わが国で南蛮焼と呼ばれてきた粗磁器は南洋方面から渡来したための名称であるでしょう。製品は茶入・茶壺・水指・建水など。その窯所は明確でないようです。
田内梅軒は南蛮島物はほとんど呂宋(フィリピン)と阿嬬港(マカオ)との製品であるとしますが、これらの地はただ陶磁の集散地であっただけで産地ではないようです。

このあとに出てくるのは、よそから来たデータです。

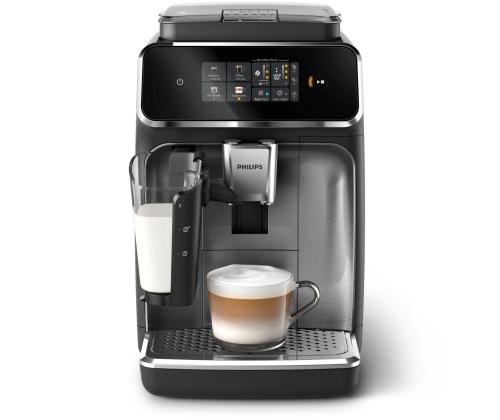 COFFEE MAKER ESPRESSO/EP2339/40 PHILIPS
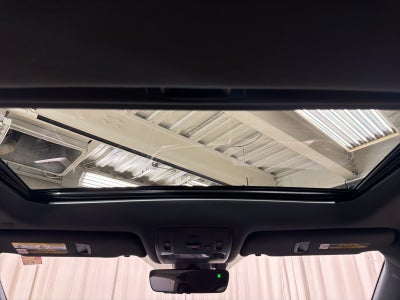 2022 Lexus RX 350 F Sport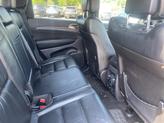 Thumbnail of 2015 Brilliant Black Crystal Pearlcoat Jeep Grand Cherokee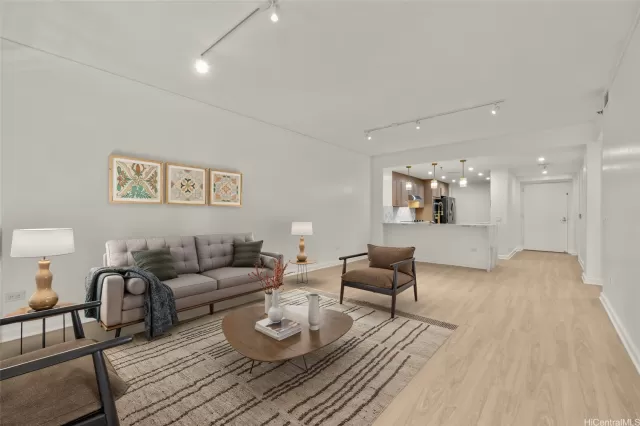 MLS: 202527823 Condo For Sale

中国明代の広東窯はフィリピン、ボルネオその他南洋諸島に大小各種の陶器を輸出しましたので、南蛮焼といわれるものの大部分は中国南方の生産と思われ、南蛮芋頭水指という伝世品に万暦(1573-1619)の年款のあるものがあります。
そのほか安南(ヴェトナム)・迢羅(タイ)あたりの粗製品も混在しているようで、またインド文のあるものもあるのでインド産の一部も南蛮焼と呼ばれていたことがわかります。南蛮焼と呼ばれるものを通観してみますと、一定の作風がなくまた窯印もほとんどなく、多くは紫黒色の妬器質で、無釉の作品に頑健味があるようで、また施釉の作品もあります。
『万宝全書』は「南蛮焼は下品なり日本の備前焼物を見るが如し」といいます。
国内の南蛮写しは備前・伊賀・京都・信楽・常滑・瀬戸・丹波・萩・唐津・高取などにあります。